The Wichita Wingnuts baseball team has a wide lead in its Double-A American Association division, the Wichita State University Wheatshockers basketball squad will likely be ranked among the top 10 or so teams in the National Collegiate Athletic Association when the pre-season polls come out, and despite everything the Wichita unemployment rate is a bit below the national average, so our civic pride is holding up pretty well these days. Still, we were a bit embarrassed to learn that we are only the 17th most conservative city in the country.

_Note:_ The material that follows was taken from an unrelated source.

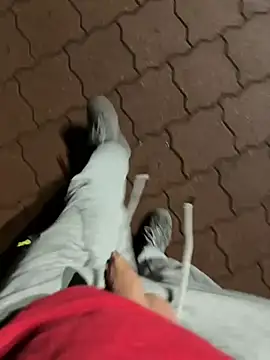 Snapshot of rundum40 chatting on 01-24-25, 07:49 rundum40 online show from 01-24-25, 07:49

This alarmingly low ranking comes from no less an authority than The Economist, a very high-brow and oh-so-Tory publication from England that we have come trust. We have no idea how they compiled these rankings, conservatism being a rather hard-to-define and even harder-to-quantify concept, but the list does seem plausible. Coming in at the coveted number one spot is Mesa, Arizona, and our limited experience of the city suggests that it’s pretty darned conservative. There seem to be a lot of military veterans there, which does wonders for a community’s conservatism, and it seems fairly affluent, which is another good sign. Arizona is also the home of the late Sen. Barry Goldwater, peace be upon him, and they clearly have an enviable number of wised-up old folks and a paucity of tattooed hippie freaks, so we won’t begrudge them the distinction.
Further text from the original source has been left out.